There’s something about a 208 horsepower streetfighter that makes me feel all tingly inside, like a schoolboy after his first kiss. The 2020 Brutale 1000RR has a retuned version of MV Agusta’s vaunted F4 engine said to be good for 208 hp at 13,450 rpm and 86 lb-ft. of torque at 11,000 rpm in a motorcycle that tips the scales a little over 400 pounds. The 4-1-4 Arrow exhaust look like they spit fire. Even though this thing’s a fire-breathing dragon its electronics package and winglets aim to help make it manageable for mere mortals like me. Sprinkle top-shelf electronic Ohlins suspension and Brembo brakes on the package and its unadulterated sex on wheels. Cue My Life with the Thrill Kill Kult.
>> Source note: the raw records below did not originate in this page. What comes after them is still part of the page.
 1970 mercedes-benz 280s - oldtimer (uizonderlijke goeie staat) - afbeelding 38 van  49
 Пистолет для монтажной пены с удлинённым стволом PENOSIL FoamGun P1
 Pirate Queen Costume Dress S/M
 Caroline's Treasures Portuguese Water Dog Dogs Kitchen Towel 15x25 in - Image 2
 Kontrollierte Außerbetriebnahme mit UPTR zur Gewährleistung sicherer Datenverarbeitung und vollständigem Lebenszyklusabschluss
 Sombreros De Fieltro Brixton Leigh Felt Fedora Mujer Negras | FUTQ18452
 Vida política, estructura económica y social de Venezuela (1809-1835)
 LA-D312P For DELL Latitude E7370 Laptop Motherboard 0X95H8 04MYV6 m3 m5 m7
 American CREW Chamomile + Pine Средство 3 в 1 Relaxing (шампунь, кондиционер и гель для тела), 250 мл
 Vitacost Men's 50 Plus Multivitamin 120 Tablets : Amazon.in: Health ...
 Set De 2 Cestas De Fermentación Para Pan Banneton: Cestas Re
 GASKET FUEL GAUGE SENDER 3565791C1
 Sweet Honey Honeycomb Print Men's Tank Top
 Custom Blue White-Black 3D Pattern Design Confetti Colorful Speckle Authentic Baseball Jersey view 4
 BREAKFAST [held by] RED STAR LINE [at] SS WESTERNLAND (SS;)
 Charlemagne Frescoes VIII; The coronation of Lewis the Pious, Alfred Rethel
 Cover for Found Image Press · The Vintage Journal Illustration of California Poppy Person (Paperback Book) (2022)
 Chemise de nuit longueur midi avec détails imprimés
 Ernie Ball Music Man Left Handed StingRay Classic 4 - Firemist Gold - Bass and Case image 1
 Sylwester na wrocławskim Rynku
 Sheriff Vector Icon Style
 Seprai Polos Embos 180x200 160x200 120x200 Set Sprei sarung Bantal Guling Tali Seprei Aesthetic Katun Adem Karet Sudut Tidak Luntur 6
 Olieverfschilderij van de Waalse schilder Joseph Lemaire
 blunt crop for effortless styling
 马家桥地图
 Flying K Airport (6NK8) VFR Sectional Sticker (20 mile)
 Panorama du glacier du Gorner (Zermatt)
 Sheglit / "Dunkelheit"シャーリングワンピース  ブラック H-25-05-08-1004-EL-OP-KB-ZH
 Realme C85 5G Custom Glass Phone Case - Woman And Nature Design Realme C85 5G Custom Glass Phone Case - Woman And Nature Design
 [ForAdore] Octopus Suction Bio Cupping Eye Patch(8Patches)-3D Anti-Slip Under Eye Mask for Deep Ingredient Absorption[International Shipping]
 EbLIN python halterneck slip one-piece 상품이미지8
2020 Ducati Streetfighter V4

Again, Ducati’s not going to let anybody upstage them on their Italian home turf, so it, too, introduced a stunning 208 horsepower streetfighter in Milan. Granted, it officially launched a week-and-a-half earlier during Ducati’s live-streamed world premiere, but the 2020 Ducati Streetfighter V4 won the title of “Most Beautiful Bike of EICMA 2019.” Who are we to argue that point? Its 1103cc Desmosedici Stradale V4 puts is claimed to put out a whopping 208 hp @ 12,750 rpm and 90.4 lb-ft. @ 11,500 rpm. Winglets are the rage these days and the ones on the 2020 Ducati Streetfighter V4 came from the Ducati Corse MotoGP team and Andrea Dovizioso’s GP16 race bike. Just like the Brutale 1000RR, Ducati’s streetfighter runs with some of the best performance parts around. Pilot to co-pilot, prepare for lift-off on Ducati’s two-wheeled jet fighter.

BMW Concept R 18/2

BMW unveiled the latest concept version of the cruiser its building around their new 1800cc Boxer Twin at EICMA and it’s a sharp-looking ride. BMW has stripped it down, given it the look of a hardtail, and dressed it up in Candy Apple Red paint. I like the treatment they’ve given its big Boxer, from the granite finish on the casing to the chrome pushrods to the gloss black valve covers. It’s bikini fairing gives it just a touch of the club look. I’ve been impressed with every concept version BMW has launched so far and am eager to find out how much power their new engine puts out. I’m also curious to feel how well it carries the weight of the big mill and how well it handles with those monstrous horizontally opposed cylinder heads.

Triumph Bobber TFC

Triumph took its Bonneville Bobber and gave it the Triumph Factory Custom (TFC) treatment to produce a stylish, limited-edition version. The British marque livened up the engine with a 13% increase in horsepower and a powerband that revs 500 rpm higher. The Triumph Bobber TFC puts out a claimed 86 hp @ 6,250 rpm and 81 lb-ft. of torque @ 4,000 rpm with its redline now climbing up to 7,500 rpm. The front fender has been trimmed down a tad and carbon fiber bits have been sprinkled into its design, from side panels to the front fender supports. It flies the Union Jack in the cutouts of the tank and just looks like it’d be a blast to ride.

Bimota Tesi H2

A couple weeks before EICMA started, Kawasaki announced it had acquired an almost 50% share of Bimota, the defunct Italian brand based out of Rimini, Italy. What exactly Kawasaki wanted with the boutique manufacturer was anybody’s guess but lo and behold, EICMA rolls around and they unveiled the Bimota Tesi H2. The motorcycle features a Bimota Tesi chassis, including the company’s signature front end with its hub-center steering, coupled with Kawasaki’s supercharged H2 engine. I’ve always wanted to try a motorcycle with hub-center steering because this feat of engineering fascinates me. Throw Kawasaki’s high-powered supercharged H2 into the mix and you’ve got a tantalizing combination that I’d love to hitch a leg over.

Bimota's hub center steering has always intrigued me. Must work well considering Kawasaki retained it in the first Kawasaki/Bimota collaboration.